Quello tra Sinner e Djokovic è stato un match strano, con tanti parziali e poco equilibrio nonostante la partita sia terminata al quinto set. Subito avanti il serbo, quasi a mettere in chiaro il divario tra il campione con più di mille battaglie al suo attivo, e la giovane promessa che di incontri, invece, ne ha disputati poco più di centocinquanta e di quarti di finale in uno Slam appena tre, compreso questo sul prato non proprio rigoglioso di Wimbledon.

A UN PUNTO dal 5-1, accadeva l’imprevedibile. L’italiano ribaltava la situazione andando a colpire l’avversario sul suo terreno prediletto, risposte, gran ritmo e scambi prolungati che finivano per dare a Sinner dodici game su quindici. Djokovic sommava errori su errori, non era efficace al servizio e non prendeva in mano il gioco con la risposta, il suo personale marchio di fabbrica. Si colpiva le gambe con la racchetta, colpevoli di non obbedire agli ordini. E in circa novanta minuti l’incontro prendeva la direzione di San Candido: 7-5, 6-2 per Sinner.
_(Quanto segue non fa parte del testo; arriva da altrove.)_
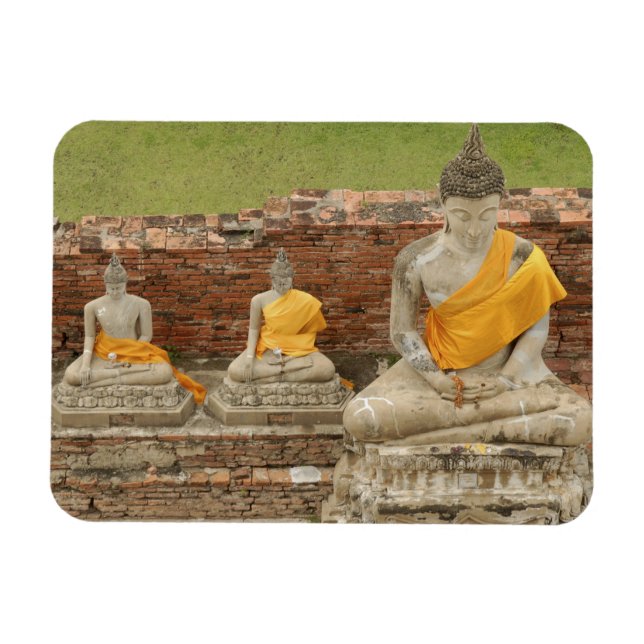 Thailand, Ayutthaya. Statues of sitting buddhas Magnet (Horizontal)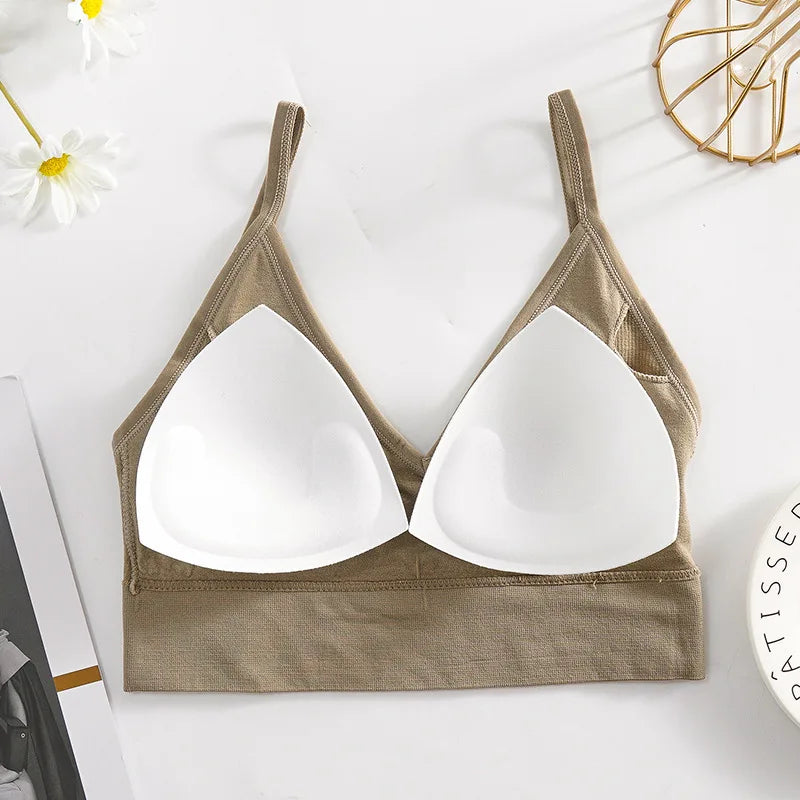 Solid Underwear Set Female U Type Backless Women's  Wireless Sports Women's  Underwear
Il tennis, si sa, è sport diabolico. Non ha una durata, non consente a chi sta vincendo di perdere tempo in attesa che l’arbitro fischi. Anche avanti di due set bisogna macinare punti. E a farlo nel terzo e nel quarto, senza apparenti mutamenti di condizione fisica e mentale, in altrettanti novanta minuti, è stato il trentacinquenne di Belgrado. Meno errori del serbo certamente, qualcuno in più dell’italiano, e così l’incantesimo si è spezzato e ci si è trovati al quinto set. Chi sperava nel miracolo italiano presto ha dovuto arrendersi. Un 6-2 perentorio per Djokovic e stretta di mano molto amichevole a rete.

SINNER non può che dolersi per la sconfitta, dopo aver sognato il colpo grosso. Ed è giusto avere dei rimpianti, perché i grandi campioni non devono gradire le sconfitte. Detto ciò, questa partita e quella precedente con l’altro nuovo fenomeno del tennis mondiale, Carlos Alcaraz, fanno comprendere il livello che questo ventenne sarà in grado di raggiungere. La palla corta, la volée avanzando verso la rete, la gestione di alcuni punti che forse si possono lasciar andare per rifiatare, la capacità di servire con più continuità per evitare di dover scambiare ogni singolo quindici, sono i limiti da oltrepassare per fare il definitivo salto in avanti.
La speranza, però, trova immediato conforto, perché ogni partita che passa, Sinner cresce, mostra cose che poco prima non si erano viste. Ad esempio, in questo torneo è comparsa la seconda palla di servizio con la quale è riuscito a mettere in difficoltà Alcaraz e lo stesso Djokovic. Fino a ieri, il tennista italiano aveva vinto tre partite sull’erba, quelle che avevano preceduto l’incontro odierno con lo squalo serbo. Forse quel bivio che si pensa sempre dietro l’angolo è prossimo a essere raggiunto. Il tennis mondiale non lo imboccherà calcando i prati londinesi, ma i segnali mandati da Sinner e Alcaraz, protagonisti di un bellissimo incontro agli ottavi, sono abbastanza chiari. Si tratta solo di saper aspettare, si spera, il meno possibile.